* **WORK ORDER**:
From the first line to the last, repeat the data exactly and drop the pictures.

***** RAW DATA

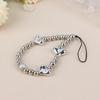 1Pc Silver Color Heart Phone Charms Plastic Love Beaded Rope For Phone Women Men Short Cell Phone Lanyard Keychains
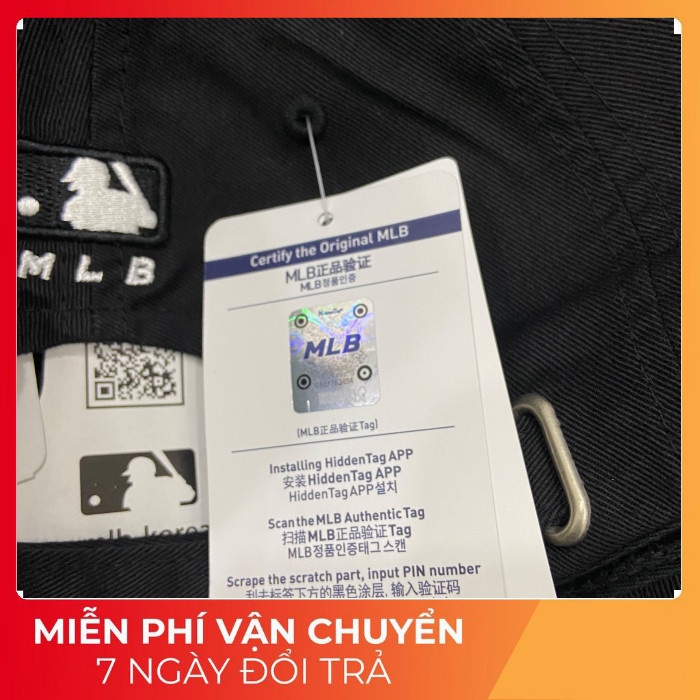 Mũ Nón M.L.B Logo NY LA Đen - Hàng Xuất Dư Gần Full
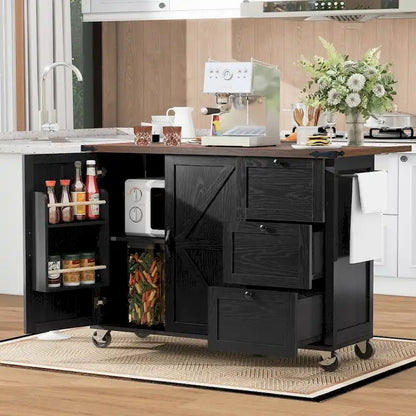 54.5 farmhouse kitchen island with electrical outlets, rolling kitchen cart with wheels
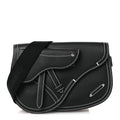 Christian Dior X KAWS Grained Calfskin Saddle Pouch Black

**********

* **RESPONSE BOX**:
 1Pc Silver Color Heart Phone Charms Plastic Love Beaded Rope For Phone Women Men Short Cell Phone Lanyard Keychains
 Mũ Nón M.L.B Logo NY LA Đen - Hàng Xuất Dư Gần Full
 54.5 farmhouse kitchen island with electrical outlets, rolling kitchen cart with wheels
 Christian Dior X KAWS Grained Calfskin Saddle Pouch Black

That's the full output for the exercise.